At the end of April I spent a week together with 14 adventurers at the Spring 2018 Intercultural workshop conducted by Robert McNeer and Mirco Trevisan at the Luna nel Pozzo (Ostuni) – a really magical place created by Robert McNeer and his wife Pia Wachter.
Five days of play, exploration, dance, experimentation accompanied by music, sounds, voices. Different languages, different sounds and different landscapes. Also different abilities.
Fourteen apprentice clowns discovering the world, themselves, the others, the beautiful, free nature which makes the Luna nel Pozzo the special place that it is.
Nature is free here not because it is wild, but because— carefully tended— it is left free to express itself under a loving gaze which is respectful of the vital space necessary to growth, but prepared to intervene if necessary. I never saw a fragile branch here which was not sustained.
And we 14 were offered the same freedom. Accompanied gently by Robert and Mirco as we interacted with objects, hats, plants, ladders, flowers, colored cloths, costumes and red noses.
And as the world took on unexpected form and colors, as our bodies expanded, gradually an interior space began appearing, pushing forward, inviting change, opening. Something which demands our attention as it manifests. One can be suddenly overwhelmed by this tenderness, not always easy to manage.

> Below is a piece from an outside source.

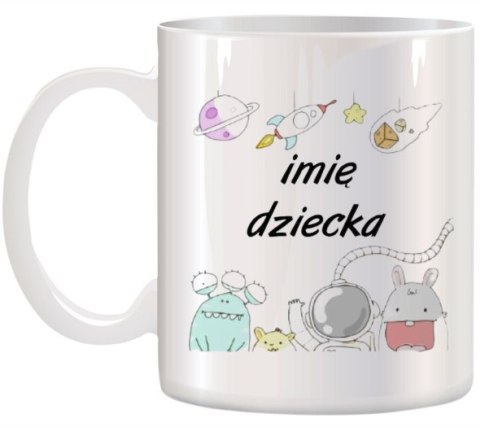 Kubek z nadrukiem prezent dla chłopca dziewczynki dziecka urodziny wzory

Perhaps it was the unexpected kisses on our hair from Massimo, our master clown with Down syndrome. Perhaps the long eyelashes of Lorenzo, superbaby of Mirco and Susanna, while he watched the stage action from my arms.
Perhaps the uncombed beauty of this place. Or everything together. At some point I asked myself whether I had ever in my life played like this, with the liberty I sense here.
When had I forgotten that play is letting go of responsibility?
Who had convinced me that letting go of responsibility is absolute evil, chaos, loss of control, egoistic, brutal individuality?
Why so hard to accept that, together with a sense of obligation/responsibility, we are blessed with a capacity to follow a new rhythm, new forms, to see in a different way…
As far as I understand, the clown doesn’t know “long-term” or prudence, the clown doesn’t feel threatened by the world, thereby seeing no need for self-defense. The clown knows that the world gives her what she needs, whatever needs might come up. As in other artistic endevours, the clown grows in that creative leavening.
Letting go, here and now! And when you are pondering this opportunity, what a perfect time to meet the diversely-abled clown. A triple arial flip, why not? An occasion for which nothing is prepared, and for which nothing can possibly prepare you.
Letting go, here and now! And when you are pondering this opportunity, what a perfect time to meet the diversely-abled clown. A triple arial flip, why not? An occasion for which nothing is prepared, and for which nothing can possibly prepare you.
I see you, I comprehend you, I welcome you.
Diversity is a strength of nature, there is no up or down.
I feel very fortunate to have met people in my life who have the constancy, the discipline and the calling to help the world to bloom.
Experiencing the capacity which love has, to leave the other free (thereby freeing also myself). I feel a great gratitude to those who show, with their own lives, that this love is possible, who make it real.